Meet users where they are. People don't want to manage seven different ChatGPT-style tabs. Let them interact with your agents via email, Slack, Discord, or SMS.
The Power of Small, Focused Agents
The most effective systems use "micro-agents." The overall workflow is a mostly deterministic DAG, with very small, focused agentic loops (3-10 steps) embedded within it.
For instance, consider a bot that manages deployments. Most of the pipeline is deterministic CI/CD code. But at the point where a GitHub PR is merged and tests are passing, an agent takes over. It might propose deploying the front end. A human can intervene via natural language and say, "Actually, do the back end first." The agent turns this into a JSON command, and the workflow proceeds. Once the agent's task is complete, it hands control back to the deterministic system to run end-to-end tests.
This approach gives you manageable context windows and clear responsibilities.
Final Thoughts: Engineer for Reliability
Even as LLMs get smarter, the principles of engineering for reliability will remain critical. You can start with a mostly deterministic workflow and gradually sprinkle in LLMs, allowing them to handle bigger and more complex tasks over time.
A developer from a major AI product team shared a similar perspective: find something right at the boundary of what the model can do reliably, and then engineer a system to make it reliable anyway. That is how you create something magical that is better than what everyone else is building.
Key Takeaways: * Agents are Software: You already have the skills.
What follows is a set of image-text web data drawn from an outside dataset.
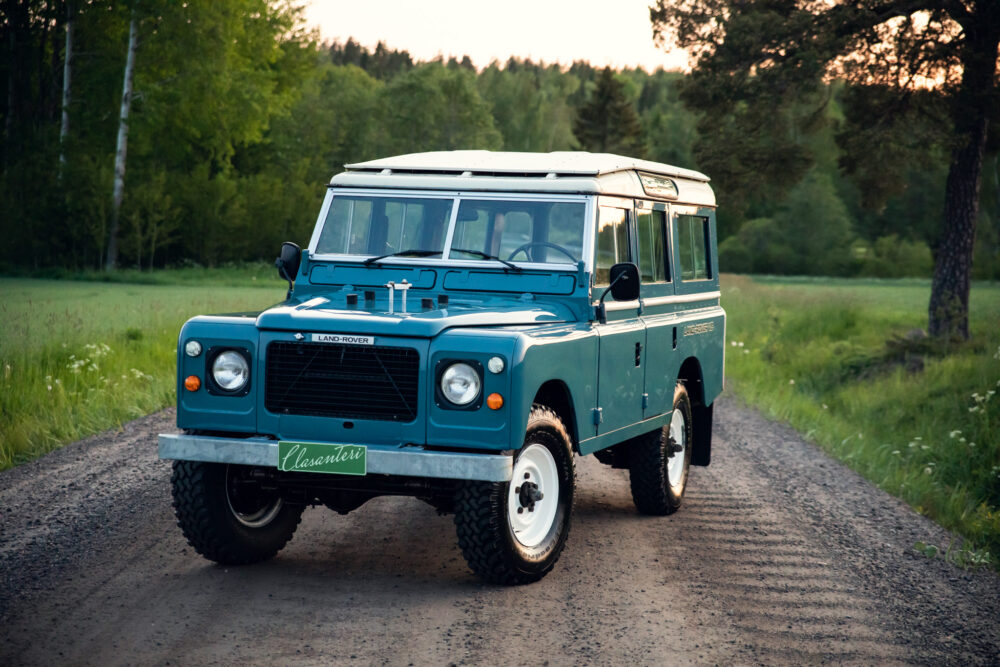 Vintage blue Land Rover on a forest path at dusk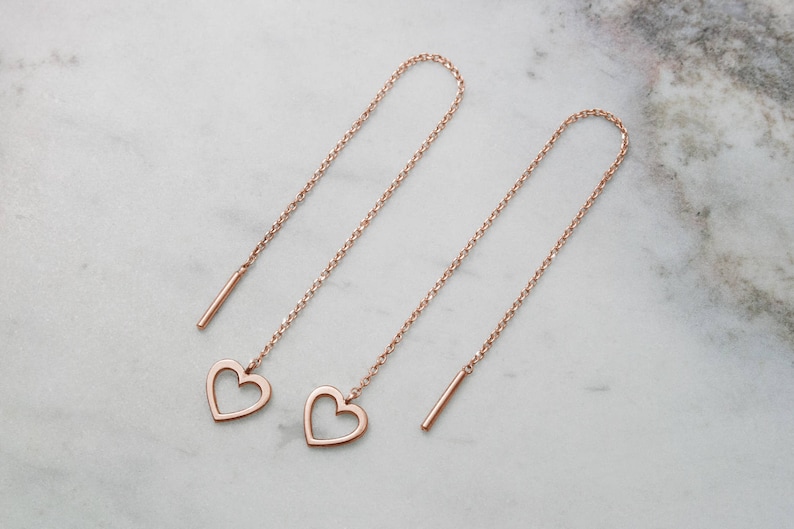 Laid down on a marble piece, A threader earring with a dangling heart outline on one end in rose gold.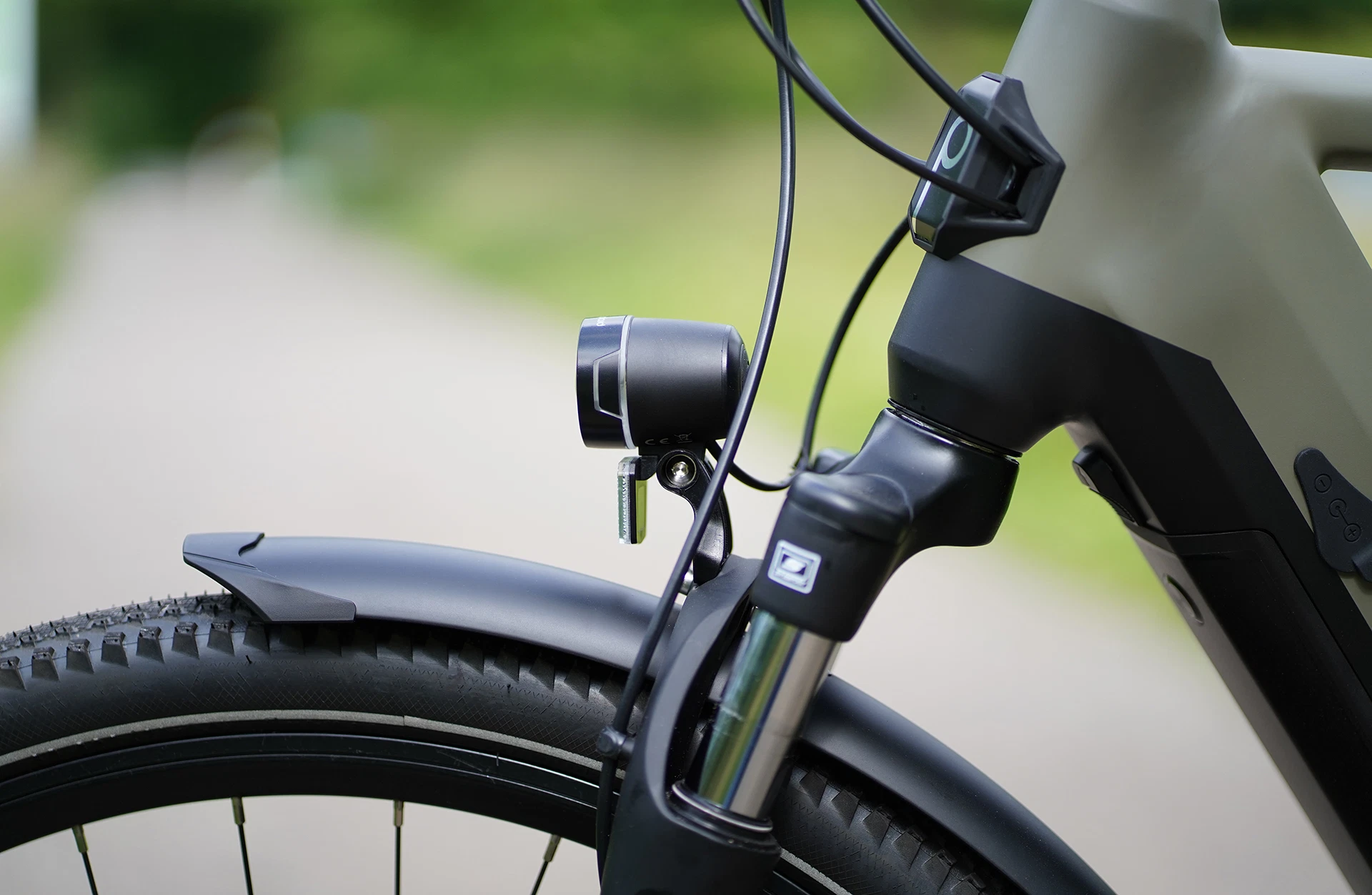 Bildausschnitt Detailaufnahme Scheinwerfer und Federgabel im Anschnitt mit Prophete Logo am Steuerrohr vor unscharfem Hintergrund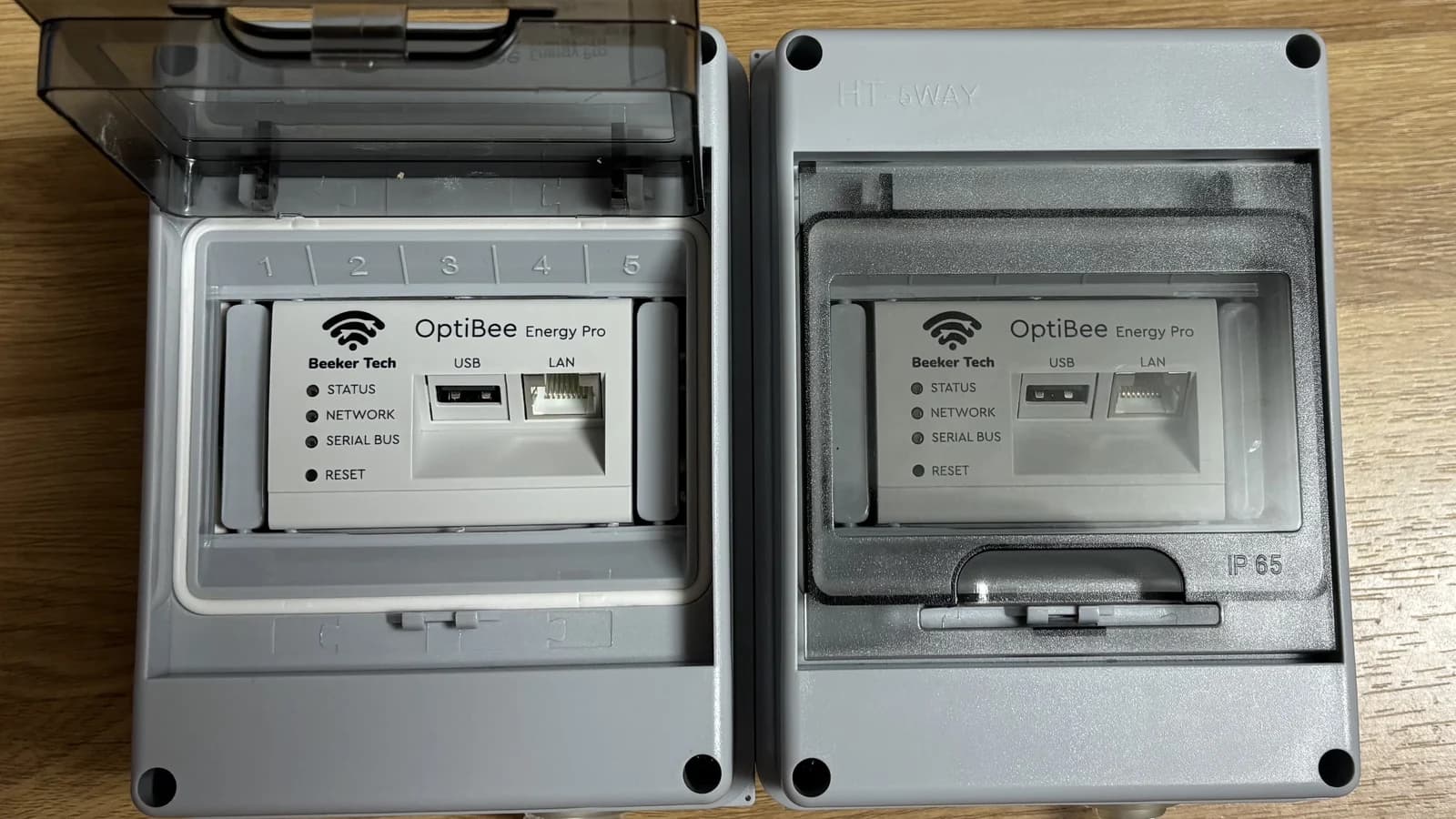 Two OptiBee Energy Pro units in IP65 enclosures on a workbench, one lid open.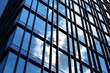 © Grand Warszawski - Facade texture of a glass mirrored office building. Fragment of the facade. Modern architecture of the office building.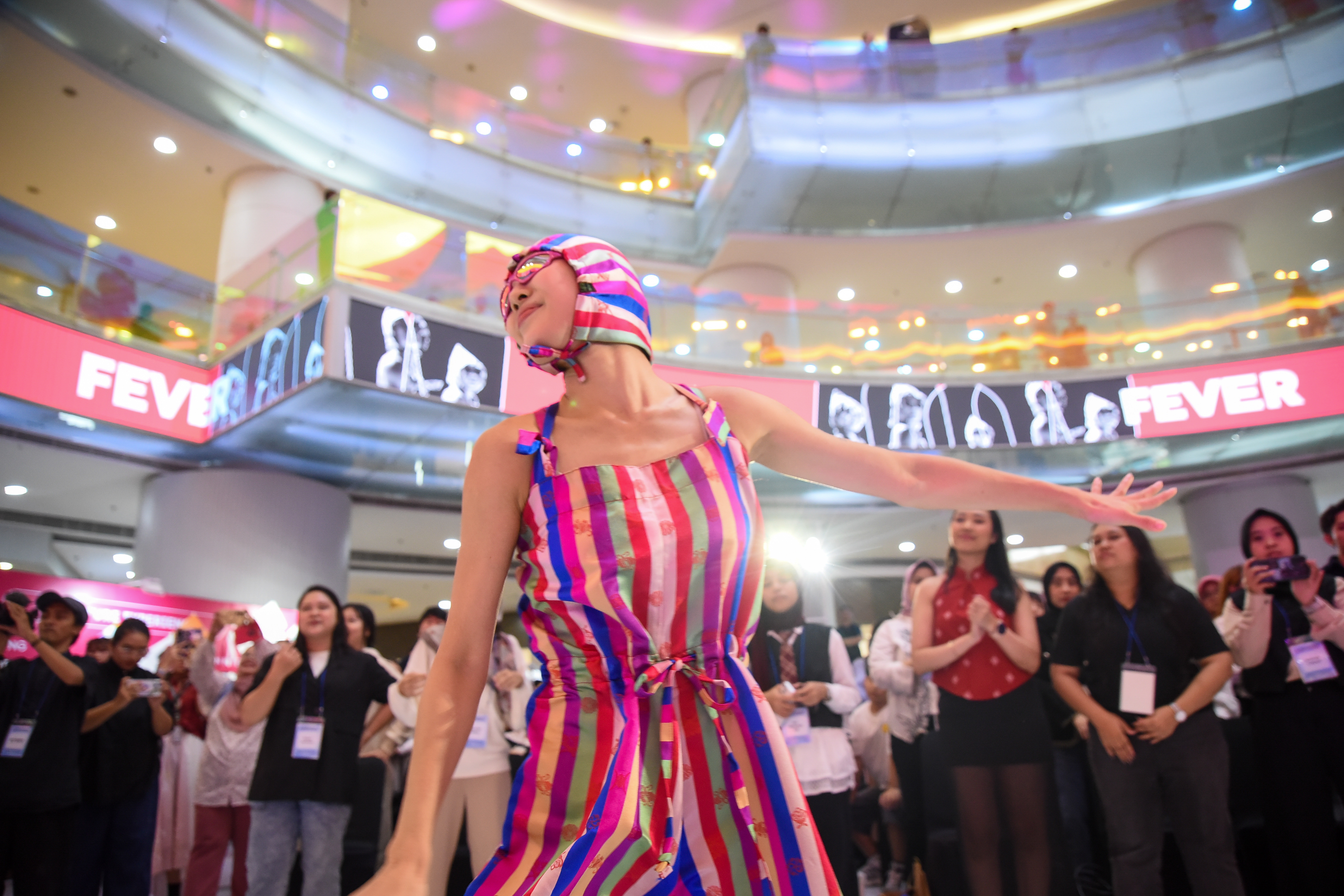 An Ambiguous Dance Company dancer on Oct. 3 performs amid the crowd wearing a colorful outfit featuring saekdong (multi-colored striped) patterns at the main atrium of KOREA 360 in Jakarta. 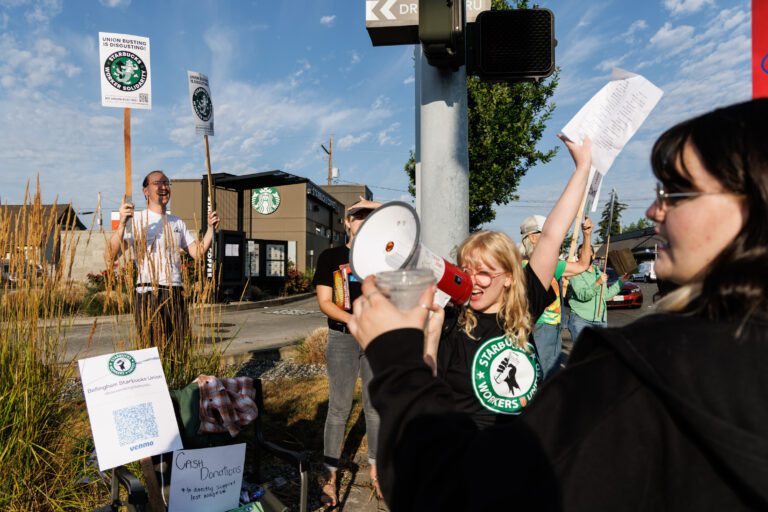 Using a megaphone, Heather Bergeson cheers on unionized Starbucks workers and their supporters as they strike with their protesting signs.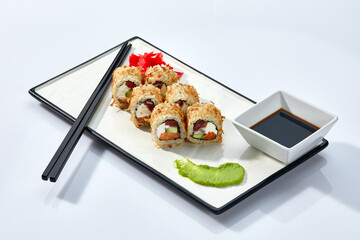California or Philadelphia sushi rolls set served on a white tray over white background. Japanese cuisine concept, traditional recipe.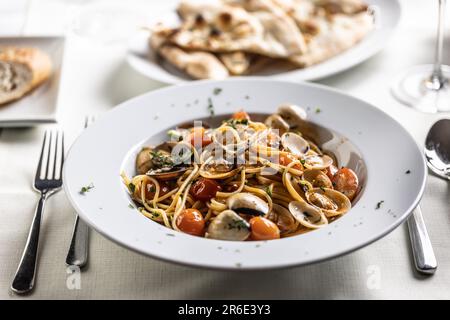 Plate full of spaghetti alle vongole e pomodorini served on a restaurant table. Stock Photo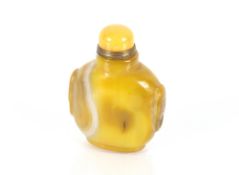 A yellow banded agate snuff bottle, with Peking glass stopper, Qing Dynasty, carved mask to the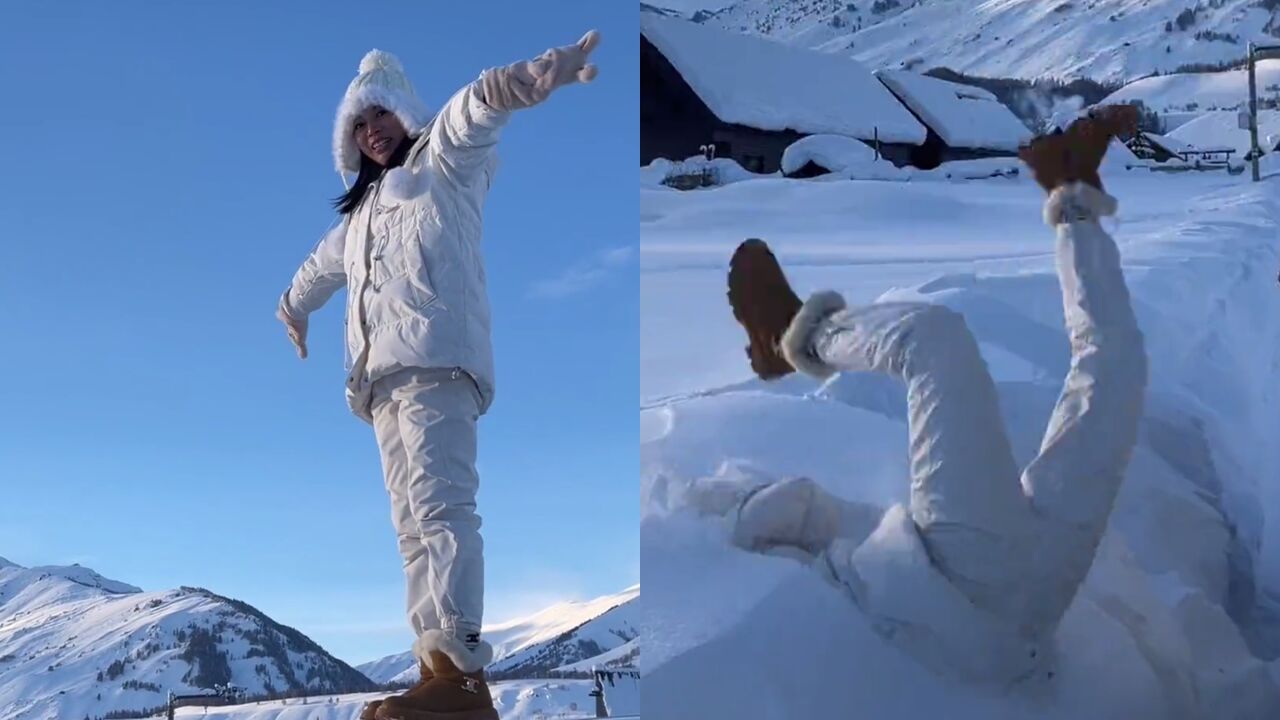 女子本想记录跳雪唯美场面,不料脚滑摔个倒栽葱:用腿比个耶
If you've written a switch statement and a while loop, you can build a reliable agent. * Own Your State and Control Flow: It gives you the flexibility needed to build robust systems. * Find the Bleeding Edge: Create better systems by carefully curating what you put into the model and how you control what comes out. * Agents are Better with People: Find ways to let agents and humans collaborate seamlessly.
There are hard parts to building agents, but the tools we use should take away the other hard parts of software development, so we can focus our time on the hard AI parts: getting the prompts, the flow, and the tokens right.